Con todo, los principales argumentos en contra de la entera criminalización de los acuerdos de cártel son de índole políticocriminal. Estos argumentos no valen solo para reformar, añadir o suprimir normas penales, sino que valen también para interpretarlas. Como la semántica – lo estamos viendo con el vocablo “artificio” – es muy vaga, como el lenguaje es poroso, a la hora de delimitar el ámbito de la norma, el ser de la norma, nos importa el deber ser, porque es mejor que las cosas sean como deben ser, y porque ese deber ser se encauza a través de argumentos de valor (razonabilidad axiológica, como la denomina el Tribunal Constitucional) o de eficacia de protección (razonabilidad teleológica), que constituyen también métodos de interpretación de la norma.

Las tesis más punitivistas en esta área tratan de sustentarse en razones de eficacia. Si queremos terminar con los cárteles, necesitamos la amenaza de la prisión para el individuo y el coste reputacional que comporta la pena, y no la mera sanción administrativa, para la empresa.

Esta tesis de la eficacia es, creo, incorrecta. La inclusión de los cárteles en el 284.1.1º CP engorda el Derecho Penal a costa de dejar sin contenido el Derecho Administrativo sancionador. Y a veces los poderosos elefantes se cargan todos los cacharros. Si las sanciones por restricción de la competencia están funcionando es porque las imponen órganos especializados una manera ágil.

Ni esa especialización ni esa agilidad se dan en los órganos de instrucción y decisión penales. Al juez penal le va a costar entender el complejo injusto competencial mucho más que a la CNMC. Y además tendrá que ir con los pies de plomo que le exigen las severas garantías penales. No tiene además, por ahora, incentivos suficientes de clemencia que le ayuden a detectar los delitos, y cuando los tenga tendrá que sortear los reparos que a los mismos se le ponen en Derecho Penal, cuando la cárcel puede estar la final del proceso. Y lo que no tiene son los atajos que en el Derecho Administrativo sancionador existen para castigar a las empresas. Para penarlas todo va a ser bastante más complicado (artículo 31 bis CP): debe constar la existencia de un delito individual desde la empresa y a favor de la empresa y la inexistencia de un programa de cumplimiento que dificultara razonablemente el delito. Y todo ello no se presumirá, sino que deberá probarlo la acusación con el canon de la certeza: más allá de toda duda razonable.

Dicho con otras palabras: so pretexto de una incierta eficacia, el Derecho Penal, con su prioridad, con su efecto paralizador del expediente administrativo, se cargará un instrumento que cada vez está funcionando mejor en la intrincada tarea de detectar y reprimir los cárteles.
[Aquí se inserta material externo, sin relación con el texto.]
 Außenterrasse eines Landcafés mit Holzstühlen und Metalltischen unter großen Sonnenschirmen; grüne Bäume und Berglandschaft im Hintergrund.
No es de extrañar que países que se habían planteado seriamente la criminalización de los cárteles, como Suecia, hayan dado un paso atrás en el empeño. No es de extrañar que la cada vez más impetuosa Unión Europea en materia de armonización de la protección penal del orden económico no haya dado un paso en esta dirección. Y no es de extrañar que el Reino Unido considere frustrante su reciente experiencia (desde 2002) de penalizar las conductas de cártel.

 

Alguna conclusión

Creo, en fin, que no solo no es necesario penar los acuerdos secretos de cártel, sino que es contraproducente y además muy antipático desde la perspectiva de proporcionalidad estricta. ¿Se entiende hoy que pueda castigarse con hasta seis años de prisión cualquier acuerdo de cártel?
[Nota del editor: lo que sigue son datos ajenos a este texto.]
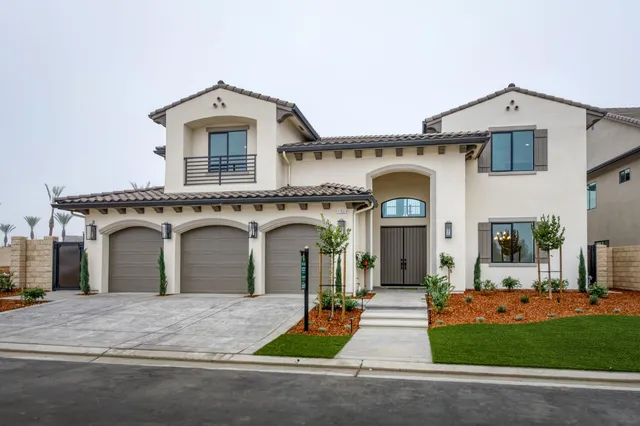a view of a white house with a outdoor space and plants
Metidos en reflexiones políticocriminales, creo que las alternativas sensatas de protección penal de la competencia son dos: o renunciar a la misma por eficacia de la protección administrativa o delimitarla cuidadosamente respecto a esta protección administrativa en función de su desvalor de resultado, como se hace en los delitos de abuso del mercado de valores (arrostrando con ello los problemas de determinación cuantitativa que ello comporta y que tanto lastran a estos delitos). Si el paso que se da es este último habría que acompañarlo de una circunstancia eximente específica de confesión.
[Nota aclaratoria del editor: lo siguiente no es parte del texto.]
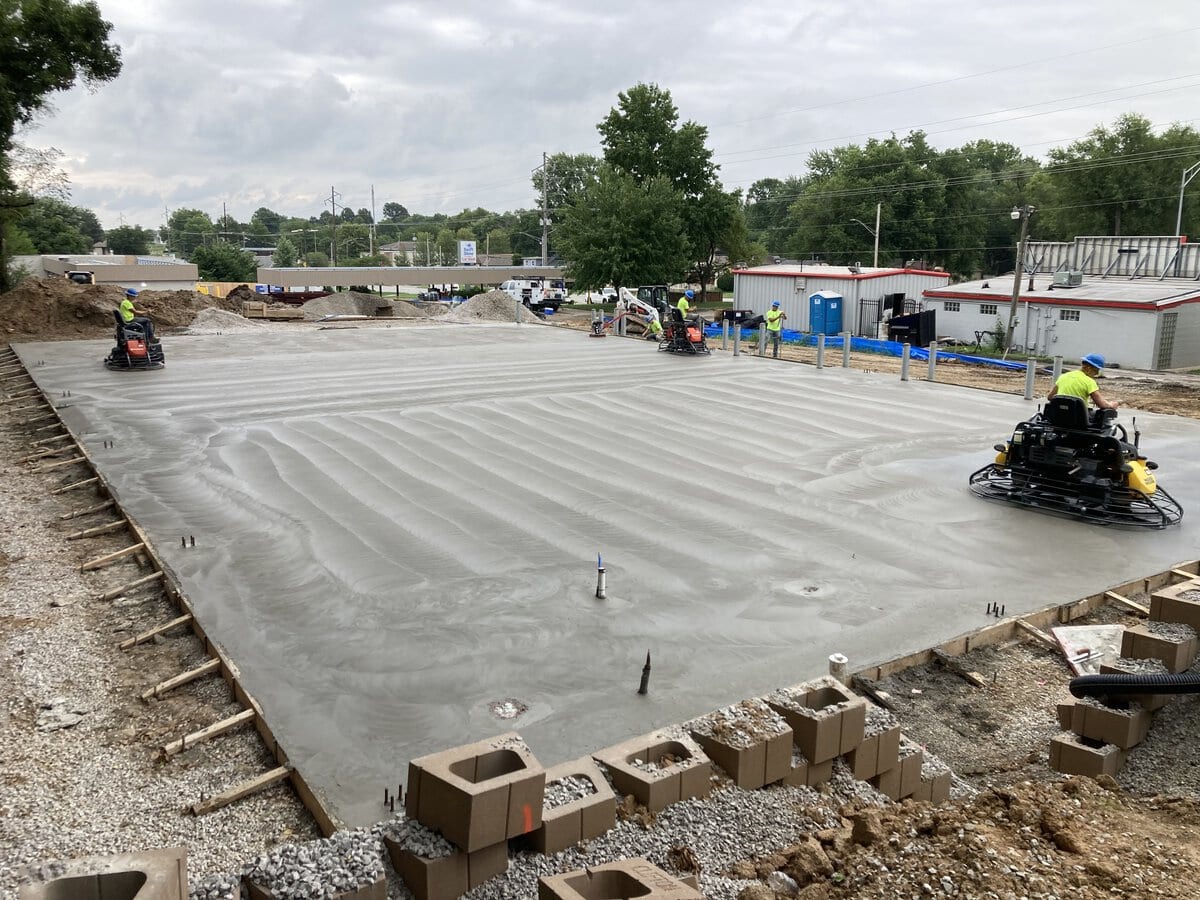 concrete foundation being prepared for metal library building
Pero esto no se puede hacer a las bravas, sin delimitación y sin clemencia, y a ello es a lo que nos conduciría una interpretación extensiva del artículo 284.1 CP, comprensiva de todo acuerdo secreto de cártel en cuanto “artificioso”.

Titulaba esta entrada con una pegunta. A la vista de la reforma del artículo 284.1 CP, ¿son punibles ahora los cárteles?